NN vs Analytical Comparison
Click anywhere and see both the neural network solution (purple) and analytical solution (green) simultaneously. Compare position accuracy and inference speed.
Architecture Experiments
Change the number of layers, neurons, activation function, dropout rate, and training data size. Build intuition for how network capacity and data volume affect kinematics learning.
| Preset | Samples | Layers | Neurons | Epochs | Purpose |
|---|---|---|---|---|---|
| Quick Demo | 1,000 | 1 | 32 | 50 | Fast overview, moderate accuracy |
| Standard | 5,000 | 2 | 64 | 100 | Good balance of speed and accuracy |
| High Accuracy | 20,000 | 3 | 128 | 200 | Best accuracy, longer training |
| Overfitting Demo | 200 | 3 | 128 | 300 | Demonstrates overfitting with small data |
Training data generation: The network learns by example. Random joint angles are sampled uniformly, and forward kinematics computes the corresponding end-effector positions. This creates input-output pairs: (x, y) mapped to (q1, q2).

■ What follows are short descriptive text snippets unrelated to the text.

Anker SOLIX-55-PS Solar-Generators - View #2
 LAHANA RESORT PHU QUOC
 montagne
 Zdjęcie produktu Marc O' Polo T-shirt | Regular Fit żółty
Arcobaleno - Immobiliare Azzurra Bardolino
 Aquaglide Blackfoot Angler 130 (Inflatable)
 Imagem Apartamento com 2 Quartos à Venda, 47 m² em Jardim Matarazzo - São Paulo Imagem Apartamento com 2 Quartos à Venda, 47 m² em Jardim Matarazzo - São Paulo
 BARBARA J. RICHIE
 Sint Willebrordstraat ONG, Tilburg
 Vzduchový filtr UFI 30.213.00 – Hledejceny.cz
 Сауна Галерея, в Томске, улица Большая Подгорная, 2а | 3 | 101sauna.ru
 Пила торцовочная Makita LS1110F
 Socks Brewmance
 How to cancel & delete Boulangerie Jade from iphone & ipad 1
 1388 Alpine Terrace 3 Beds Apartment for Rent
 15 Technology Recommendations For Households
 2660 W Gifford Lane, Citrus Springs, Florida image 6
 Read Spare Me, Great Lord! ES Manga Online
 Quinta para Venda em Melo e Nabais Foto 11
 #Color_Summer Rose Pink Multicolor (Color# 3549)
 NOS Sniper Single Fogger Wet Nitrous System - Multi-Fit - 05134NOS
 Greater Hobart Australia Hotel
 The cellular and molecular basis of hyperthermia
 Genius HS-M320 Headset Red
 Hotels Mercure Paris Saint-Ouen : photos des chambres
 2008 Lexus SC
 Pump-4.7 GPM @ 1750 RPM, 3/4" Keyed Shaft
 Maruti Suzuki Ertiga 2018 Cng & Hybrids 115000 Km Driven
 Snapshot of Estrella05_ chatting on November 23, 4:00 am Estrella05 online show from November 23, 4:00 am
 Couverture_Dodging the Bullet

Network architecture: A feedforward neural network with configurable hidden layers and neurons. Input: normalized (x, y) position. Output: normalized (q1, q2) joint angles. Loss function: mean squared error.
The multi-solution problem: For most targets, multiple joint configurations reach the same position (elbow-up and elbow-down). A standard feedforward network learns an average, which may not correspond to any valid configuration. This is visible in the error heatmap as regions of higher error where both solutions exist.